- _Problem requirements_: No picture belongs in the answer, which must hold exactly the lines from the one with "Уютный дом в" through the final line below.

#####

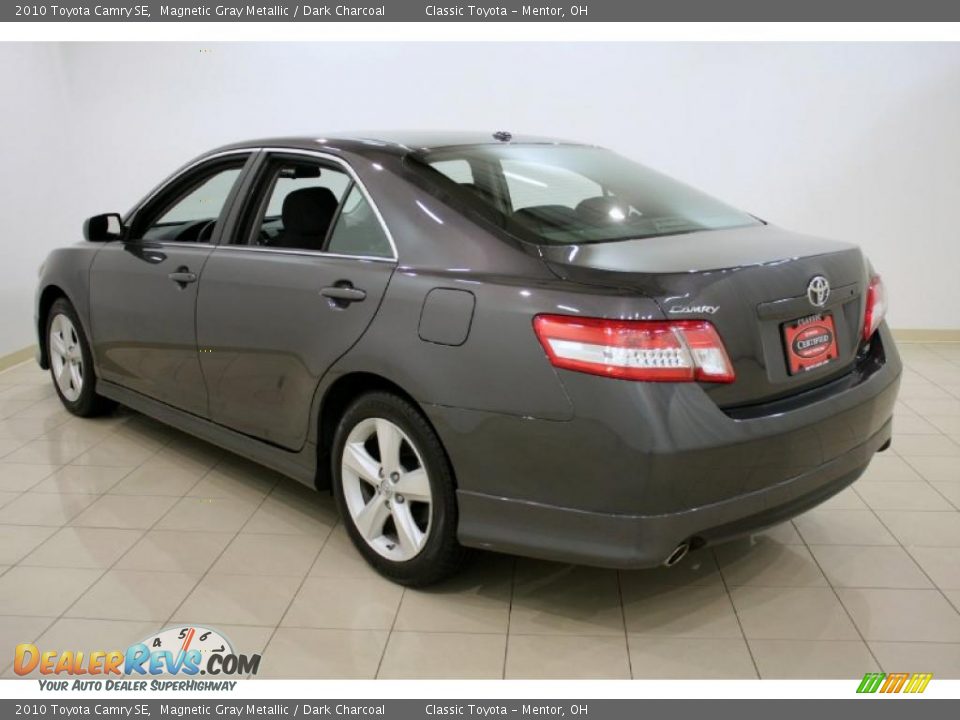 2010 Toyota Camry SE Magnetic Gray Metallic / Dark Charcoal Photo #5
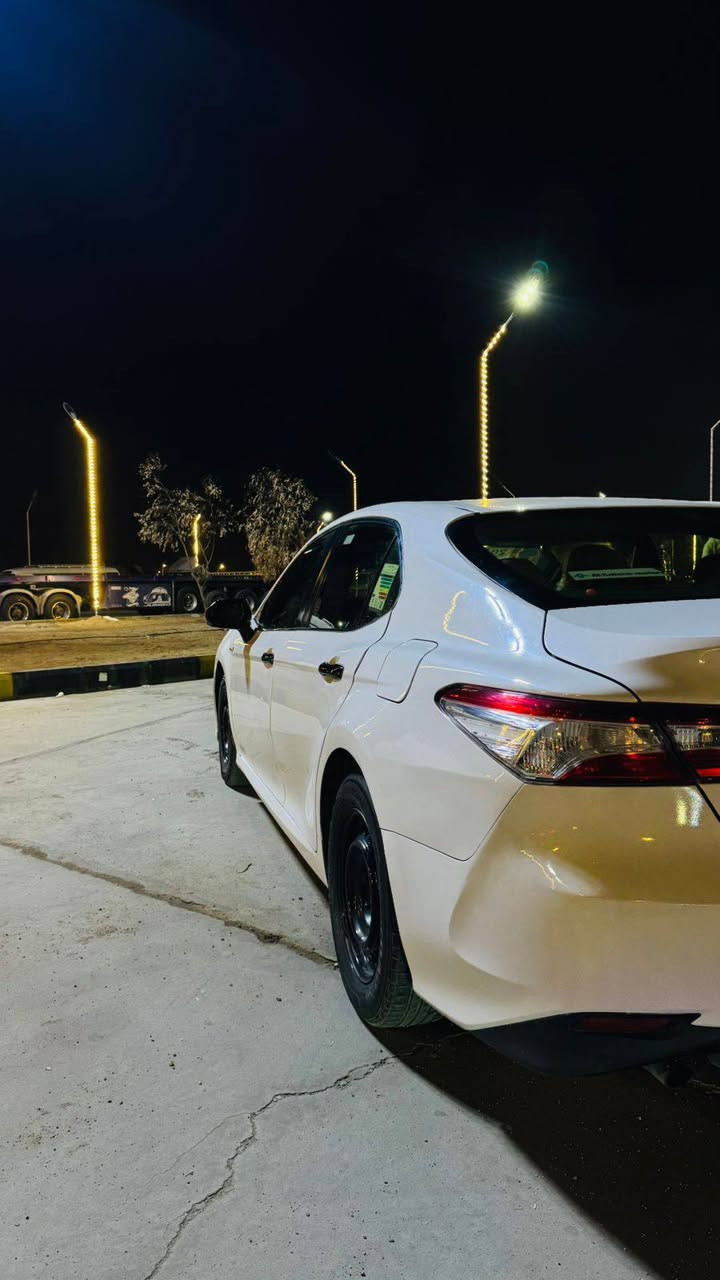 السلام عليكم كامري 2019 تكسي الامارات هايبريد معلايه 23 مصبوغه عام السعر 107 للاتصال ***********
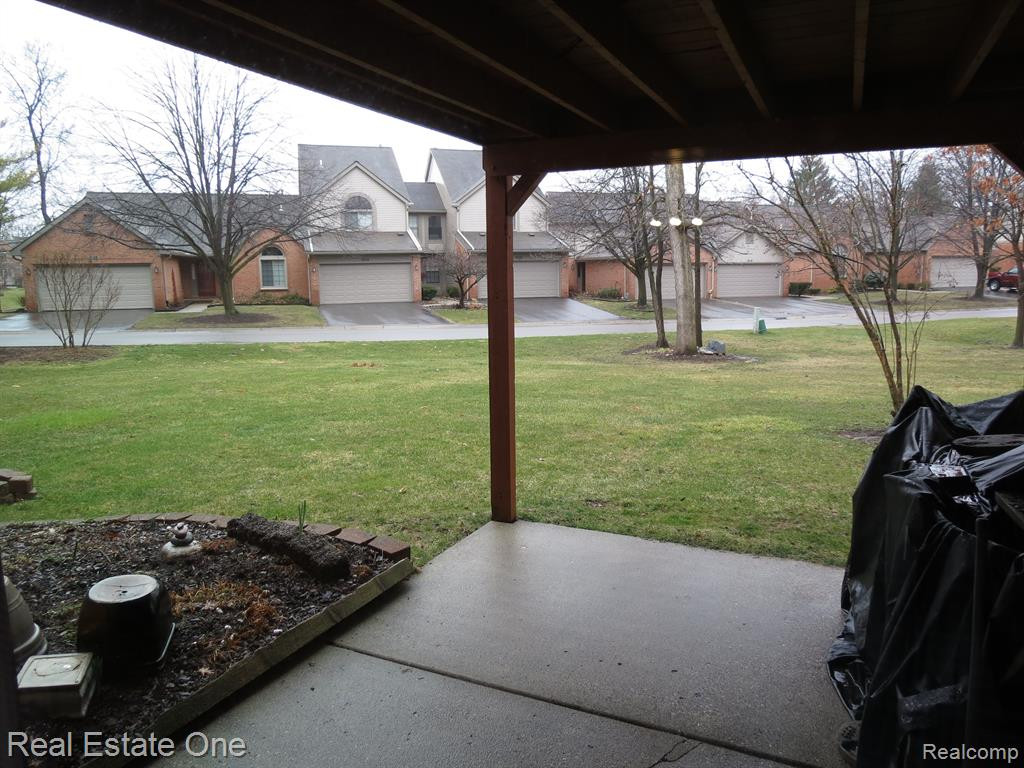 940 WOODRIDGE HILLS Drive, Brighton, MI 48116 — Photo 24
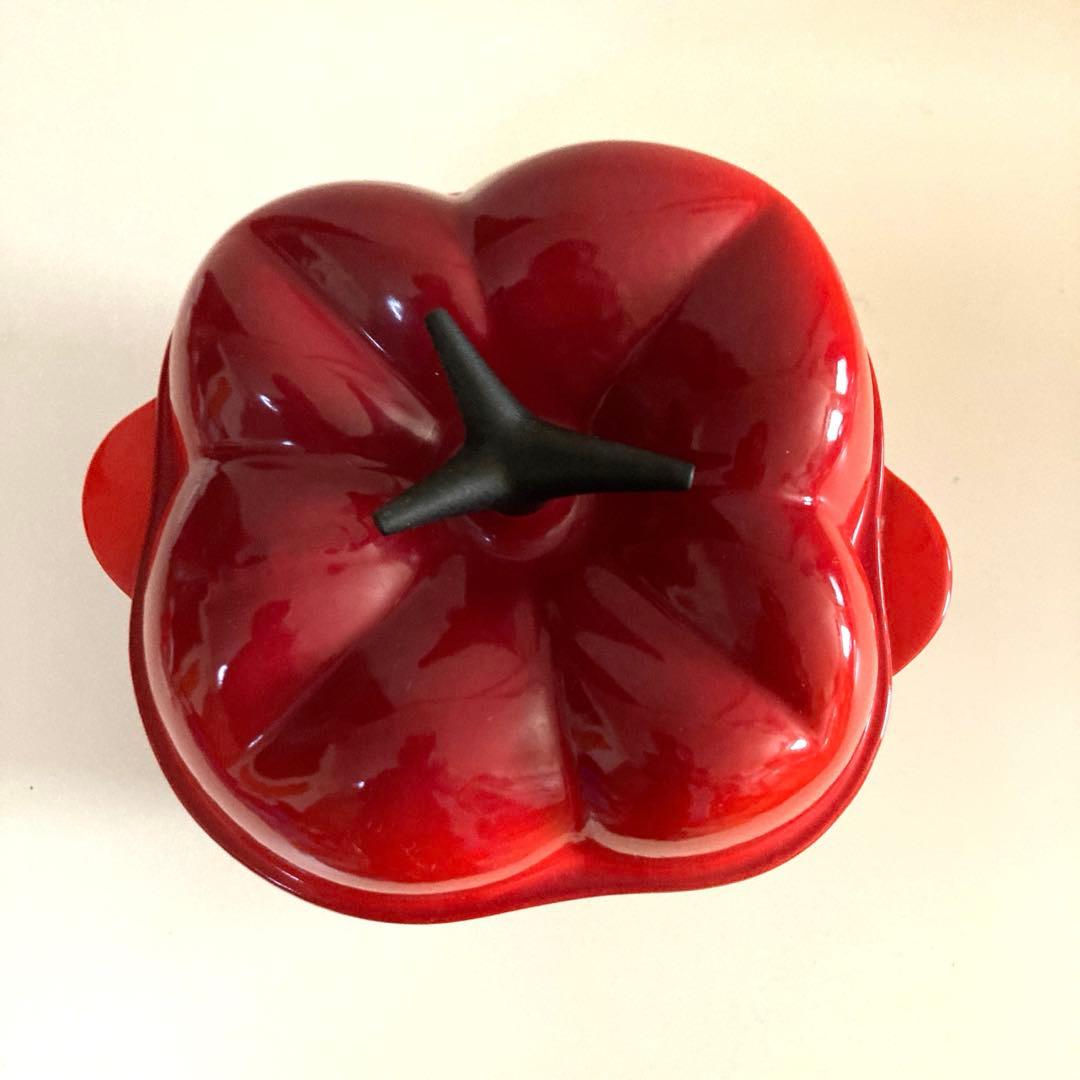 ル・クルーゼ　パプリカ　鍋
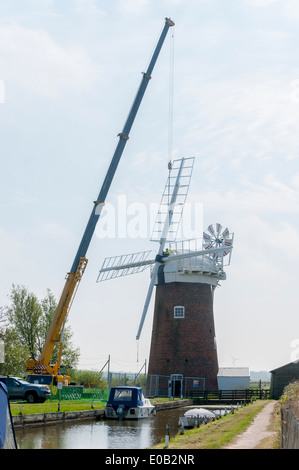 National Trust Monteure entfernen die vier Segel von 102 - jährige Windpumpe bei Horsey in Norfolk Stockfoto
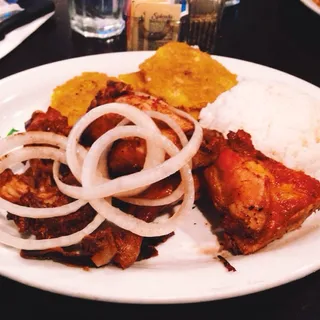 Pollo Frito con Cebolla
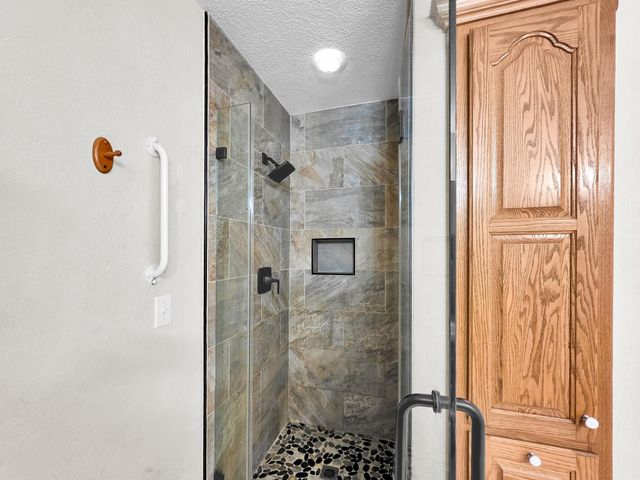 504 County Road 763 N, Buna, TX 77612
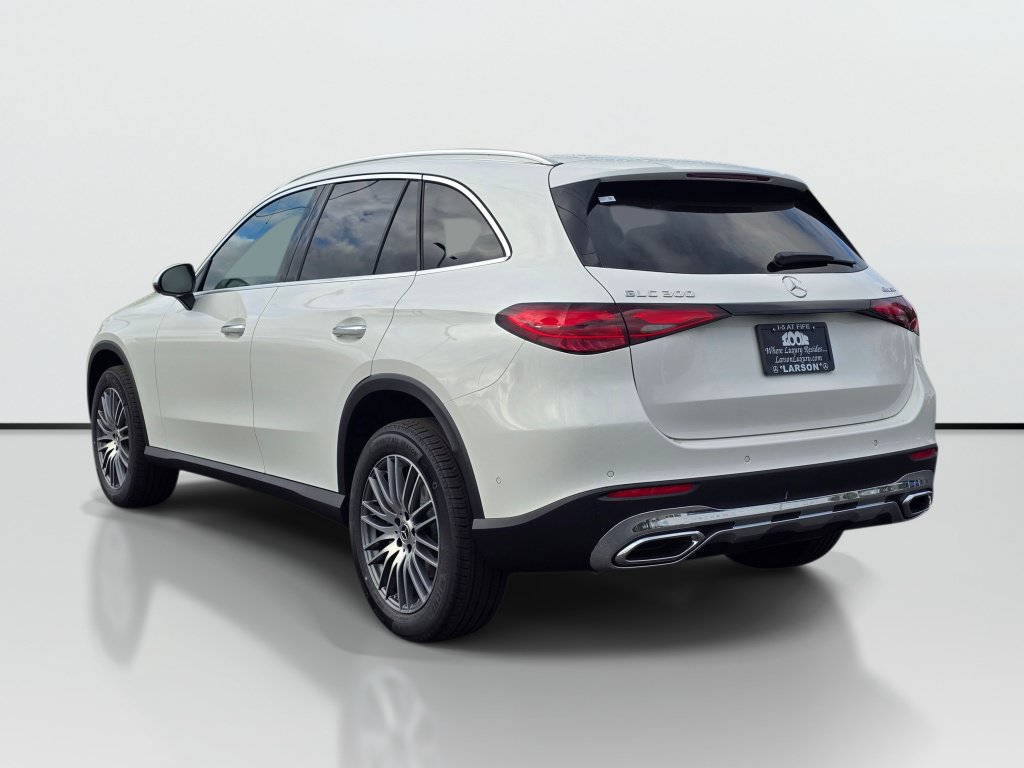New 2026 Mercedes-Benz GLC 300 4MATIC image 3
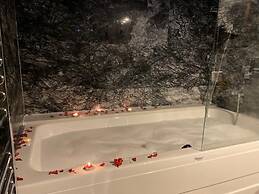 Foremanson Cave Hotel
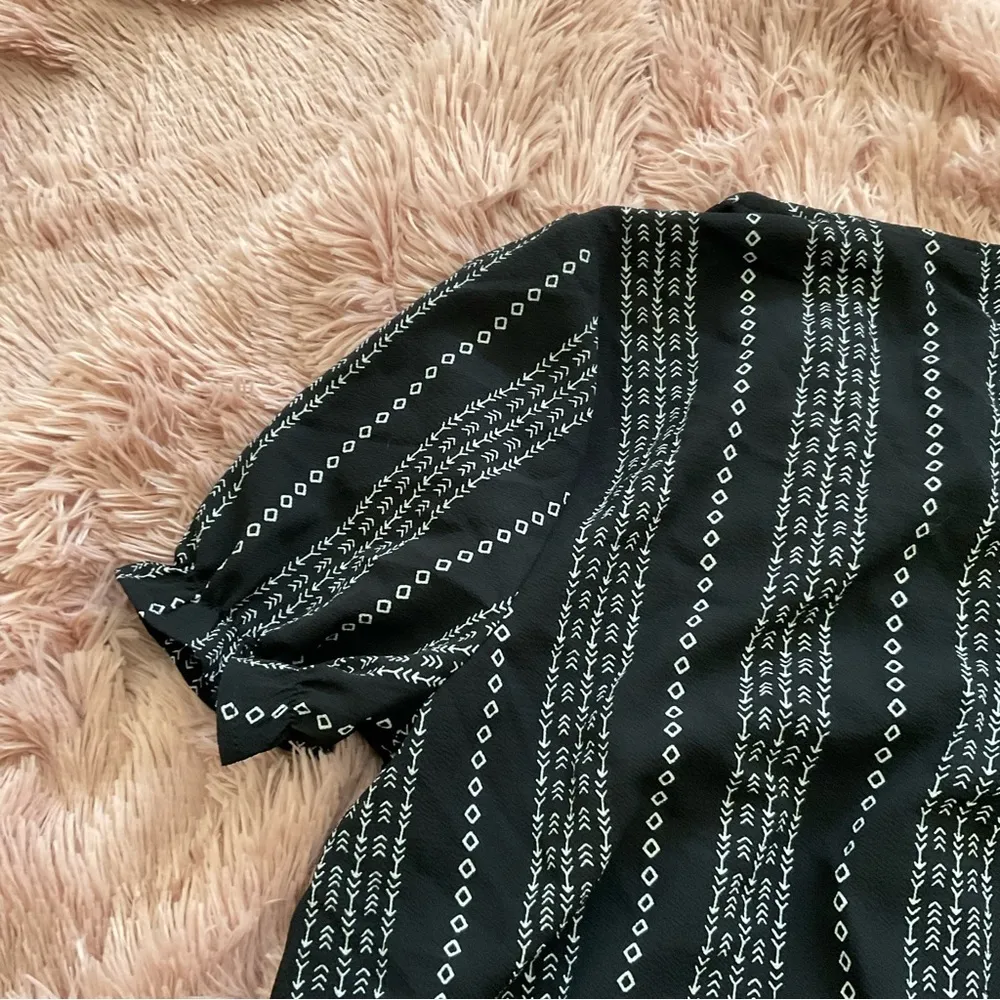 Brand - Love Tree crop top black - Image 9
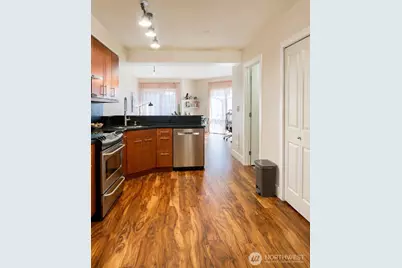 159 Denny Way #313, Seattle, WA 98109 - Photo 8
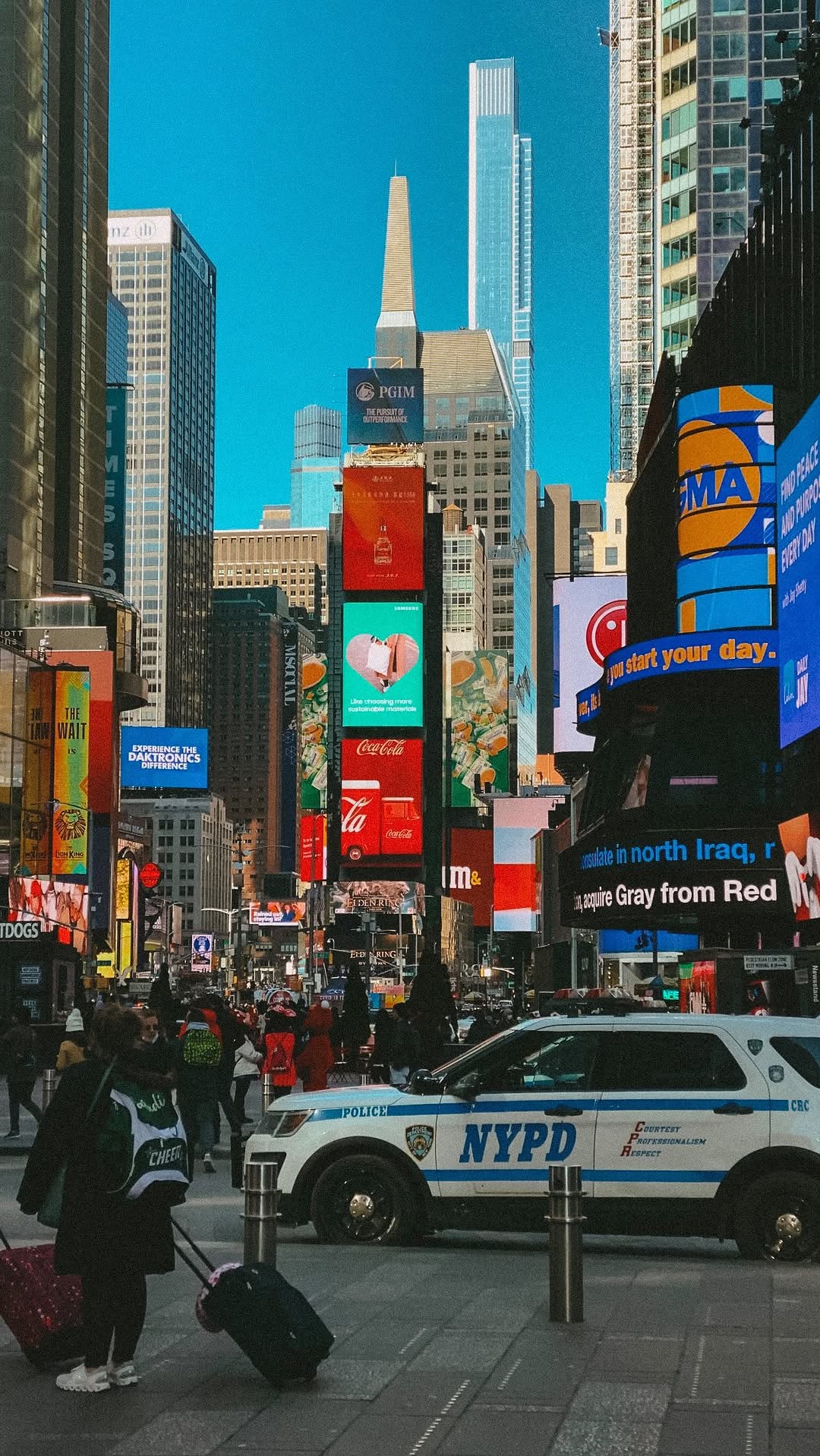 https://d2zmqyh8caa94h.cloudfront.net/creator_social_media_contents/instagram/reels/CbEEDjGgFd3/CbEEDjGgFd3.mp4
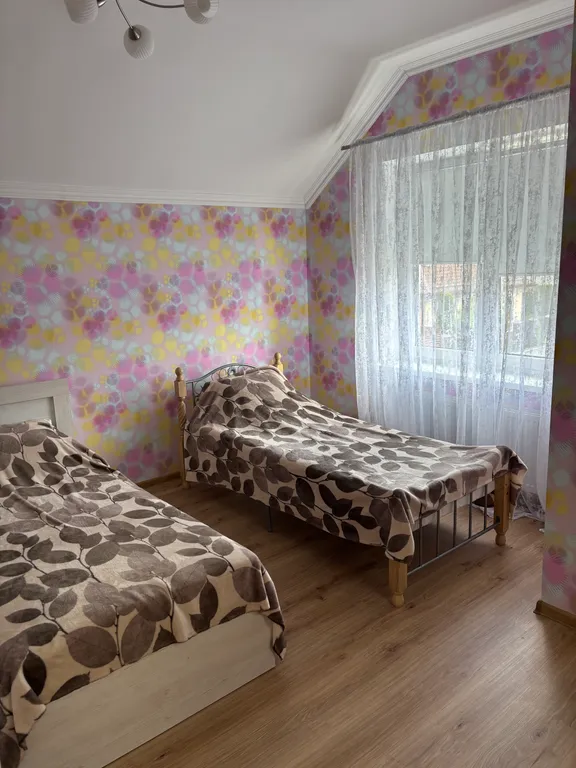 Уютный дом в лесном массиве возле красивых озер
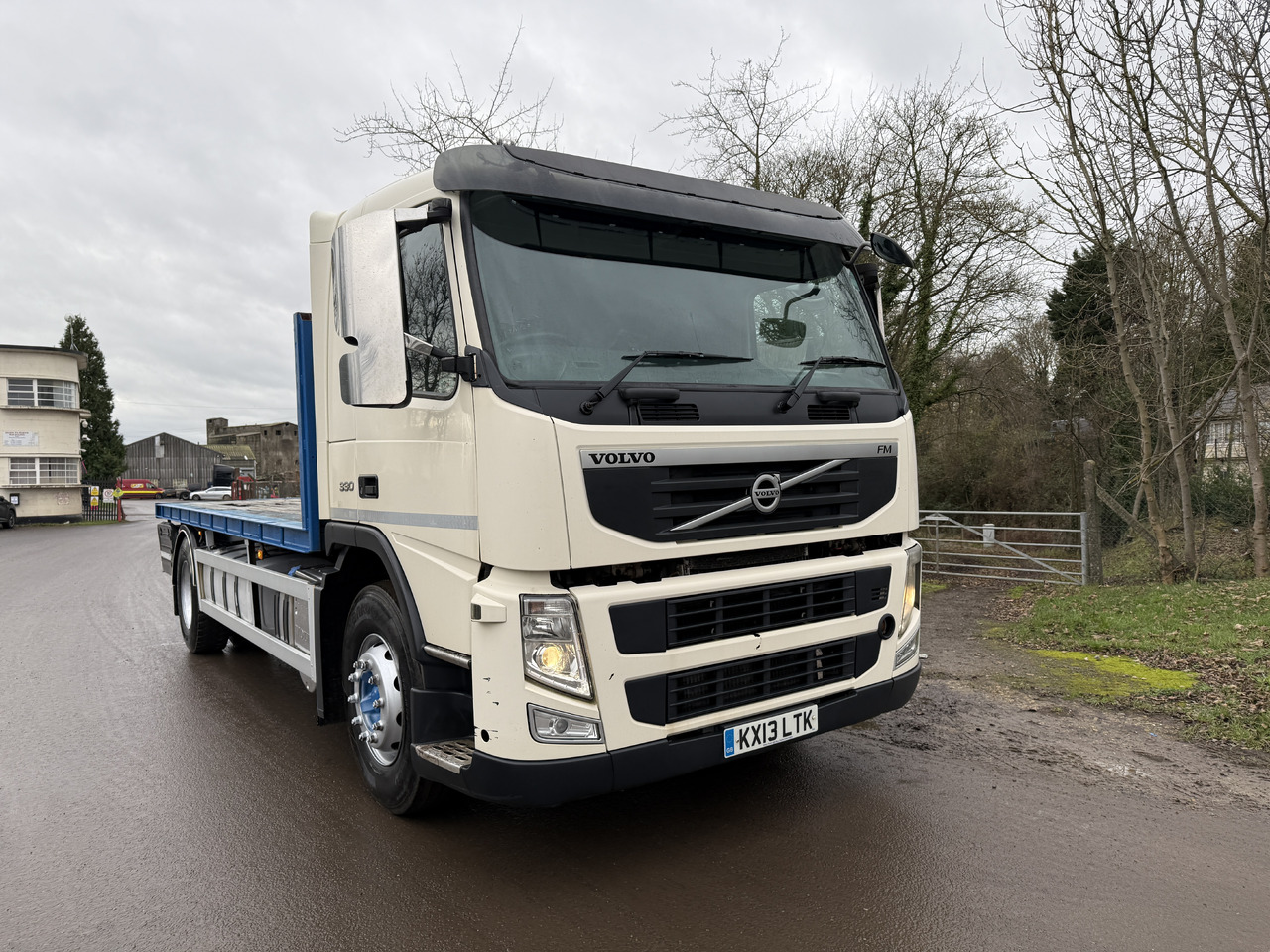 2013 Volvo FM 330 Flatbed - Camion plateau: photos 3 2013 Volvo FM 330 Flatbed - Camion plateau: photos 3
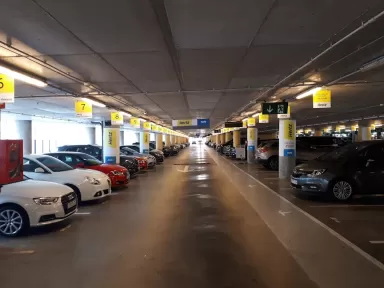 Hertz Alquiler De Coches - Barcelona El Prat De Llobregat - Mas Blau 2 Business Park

#####

- _Answer_:
 Уютный дом в лесном массиве возле красивых озер
 2013 Volvo FM 330 Flatbed - Camion plateau: photos 3 2013 Volvo FM 330 Flatbed - Camion plateau: photos 3
 Hertz Alquiler De Coches - Barcelona El Prat De Llobregat - Mas Blau 2 Business Park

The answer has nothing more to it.